From the entries below, reproduce exactly the lines from the one with "Instead, we've got" through the one with "In a doc, type", both included, without images.

::::

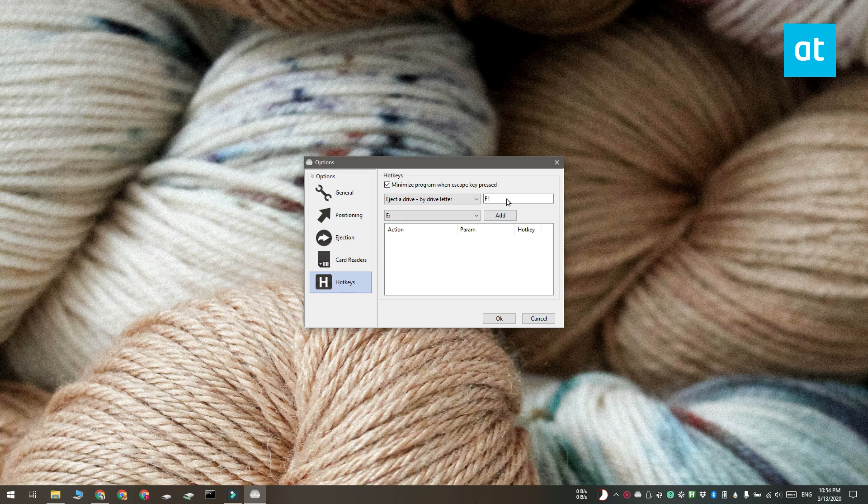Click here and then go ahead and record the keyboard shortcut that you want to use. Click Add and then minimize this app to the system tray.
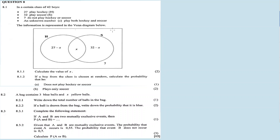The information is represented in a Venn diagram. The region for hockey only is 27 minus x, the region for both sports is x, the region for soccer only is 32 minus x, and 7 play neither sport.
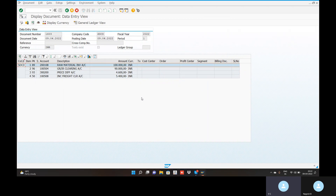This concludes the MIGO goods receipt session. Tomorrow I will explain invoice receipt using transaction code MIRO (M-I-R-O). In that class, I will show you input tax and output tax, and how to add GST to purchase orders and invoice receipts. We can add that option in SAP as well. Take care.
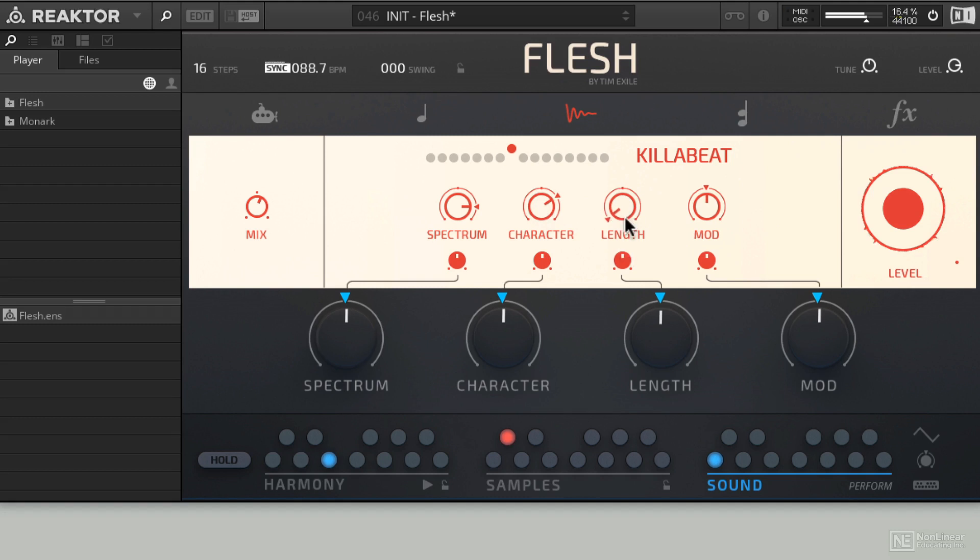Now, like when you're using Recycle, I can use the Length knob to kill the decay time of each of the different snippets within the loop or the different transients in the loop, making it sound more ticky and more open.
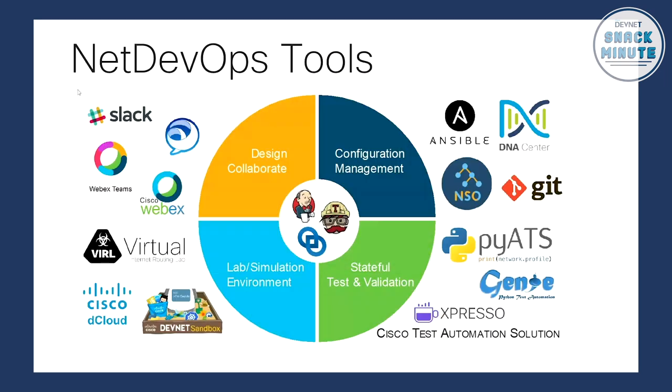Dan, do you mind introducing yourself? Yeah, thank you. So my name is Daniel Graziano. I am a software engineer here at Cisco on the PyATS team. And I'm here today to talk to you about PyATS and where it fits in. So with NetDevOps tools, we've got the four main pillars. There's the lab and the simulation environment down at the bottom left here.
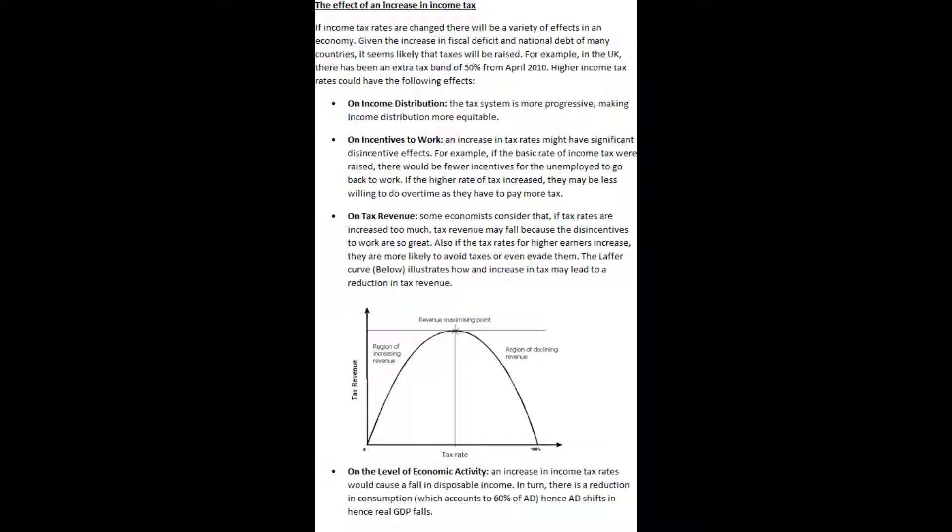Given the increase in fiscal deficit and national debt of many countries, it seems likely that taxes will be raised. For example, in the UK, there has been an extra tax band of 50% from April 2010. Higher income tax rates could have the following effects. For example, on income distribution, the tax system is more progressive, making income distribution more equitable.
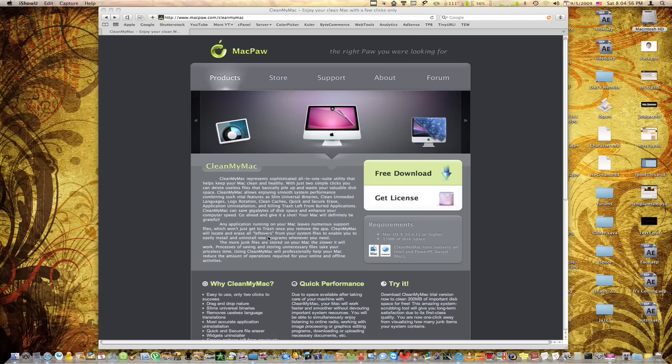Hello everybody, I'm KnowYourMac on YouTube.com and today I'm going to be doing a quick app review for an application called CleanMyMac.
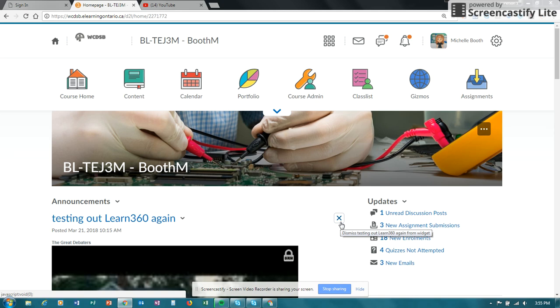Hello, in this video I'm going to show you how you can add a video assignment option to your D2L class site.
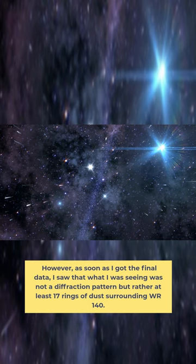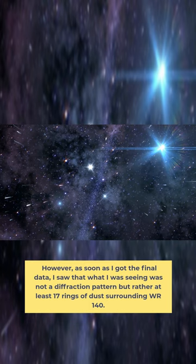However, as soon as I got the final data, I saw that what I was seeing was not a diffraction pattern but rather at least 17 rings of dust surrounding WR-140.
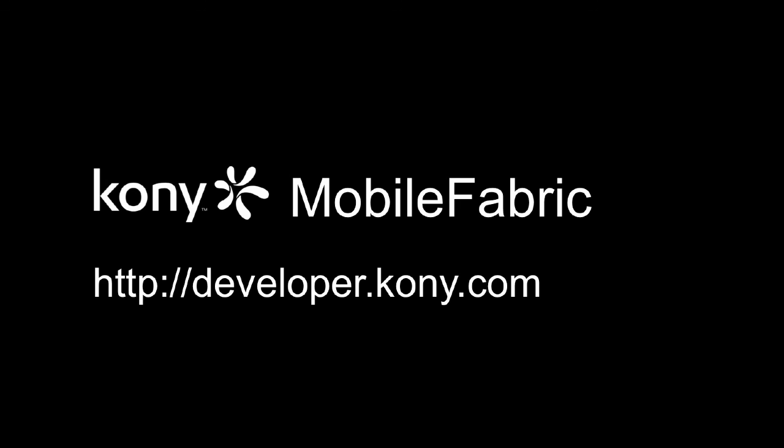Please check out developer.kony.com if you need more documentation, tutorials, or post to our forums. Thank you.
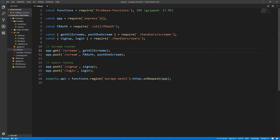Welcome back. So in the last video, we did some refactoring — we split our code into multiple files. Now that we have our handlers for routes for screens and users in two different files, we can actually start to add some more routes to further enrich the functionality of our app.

::::

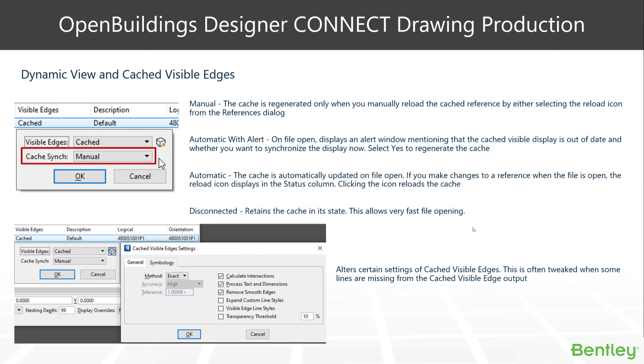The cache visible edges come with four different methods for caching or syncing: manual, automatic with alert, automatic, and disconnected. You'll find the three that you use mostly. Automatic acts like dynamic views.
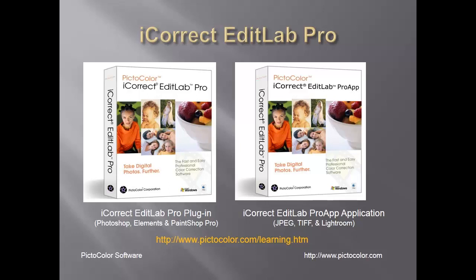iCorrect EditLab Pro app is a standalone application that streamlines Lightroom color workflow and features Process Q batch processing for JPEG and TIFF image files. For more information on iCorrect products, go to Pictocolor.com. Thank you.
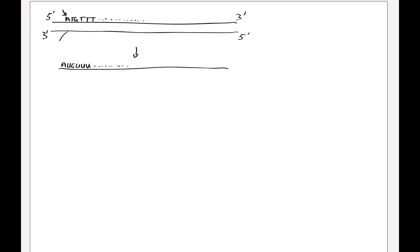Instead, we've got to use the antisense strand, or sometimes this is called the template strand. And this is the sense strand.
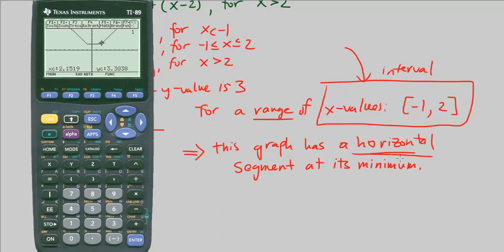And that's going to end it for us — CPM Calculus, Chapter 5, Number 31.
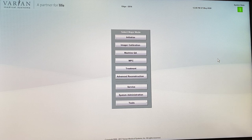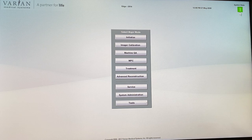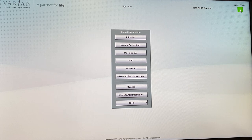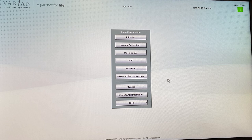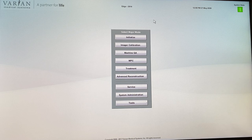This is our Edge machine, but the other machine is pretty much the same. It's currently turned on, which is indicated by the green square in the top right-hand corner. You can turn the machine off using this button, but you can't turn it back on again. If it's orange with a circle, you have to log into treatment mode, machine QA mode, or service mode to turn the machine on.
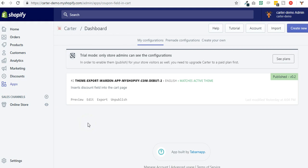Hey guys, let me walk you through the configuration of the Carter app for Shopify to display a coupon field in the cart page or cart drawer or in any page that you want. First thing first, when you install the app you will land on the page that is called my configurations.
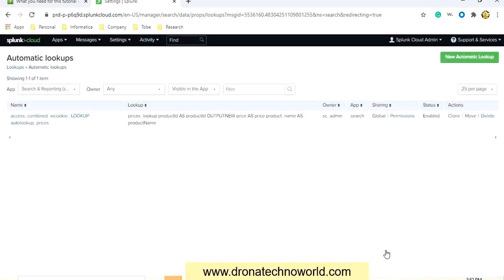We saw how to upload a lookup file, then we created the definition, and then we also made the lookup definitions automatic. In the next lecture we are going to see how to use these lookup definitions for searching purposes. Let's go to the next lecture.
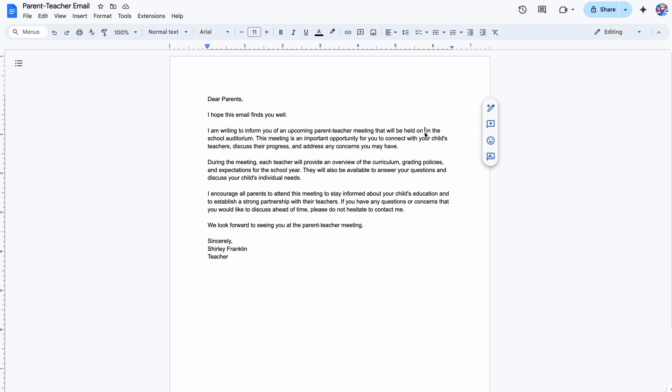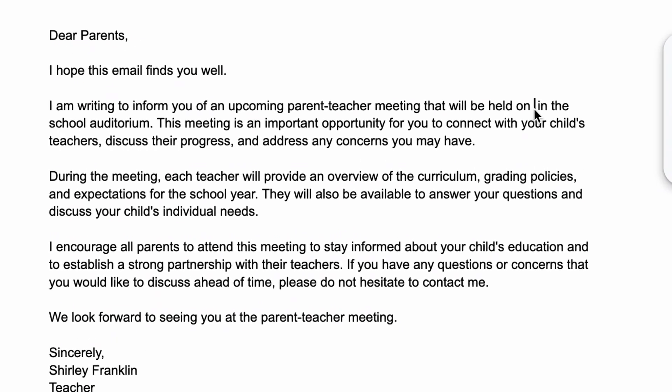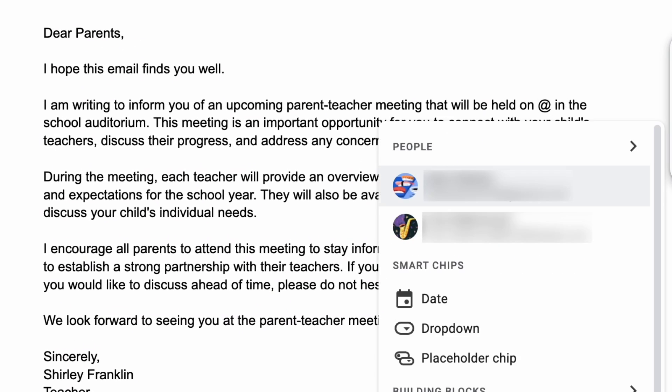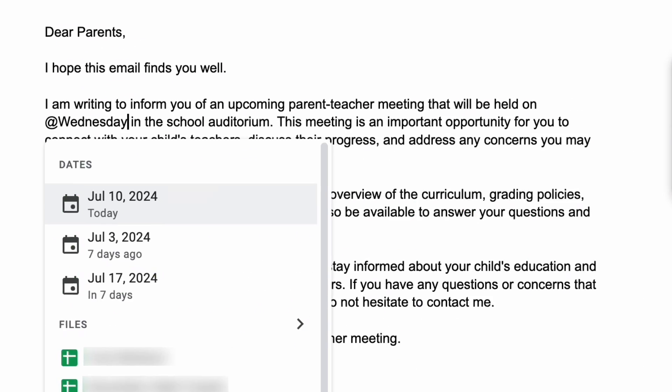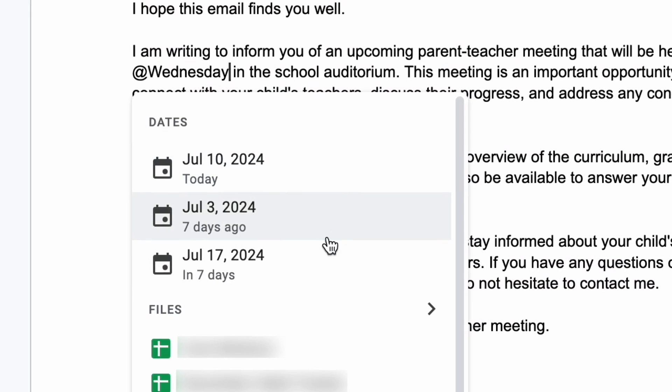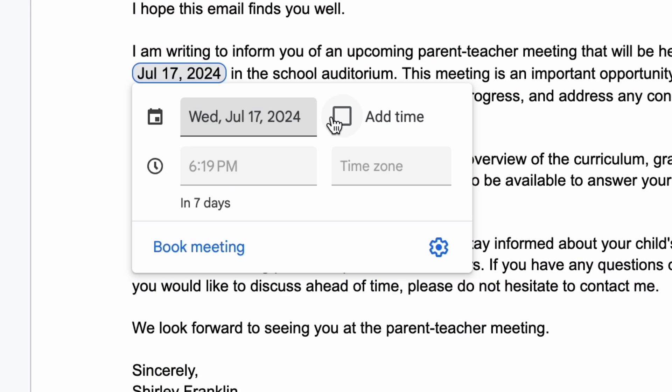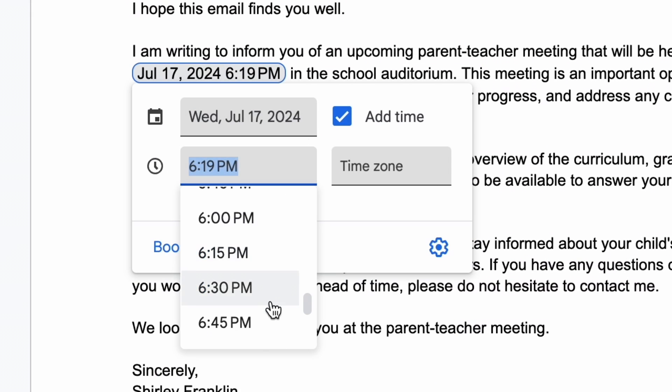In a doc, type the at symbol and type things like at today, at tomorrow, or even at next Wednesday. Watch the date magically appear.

::::

> _Exercise output_
Instead, we've got to use the antisense strand, or sometimes this is called the template strand. And this is the sense strand.
And that's going to end it for us — CPM Calculus, Chapter 5, Number 31.
This is our Edge machine, but the other machine is pretty much the same. It's currently turned on, which is indicated by the green square in the top right-hand corner. You can turn the machine off using this button, but you can't turn it back on again. If it's orange with a circle, you have to log into treatment mode, machine QA mode, or service mode to turn the machine on.
Hey guys, let me walk you through the configuration of the Carter app for Shopify to display a coupon field in the cart page or cart drawer or in any page that you want. First thing first, when you install the app you will land on the page that is called my configurations.
We saw how to upload a lookup file, then we created the definition, and then we also made the lookup definitions automatic. In the next lecture we are going to see how to use these lookup definitions for searching purposes. Let's go to the next lecture.
In a doc, type the at symbol and type things like at today, at tomorrow, or even at next Wednesday. Watch the date magically appear.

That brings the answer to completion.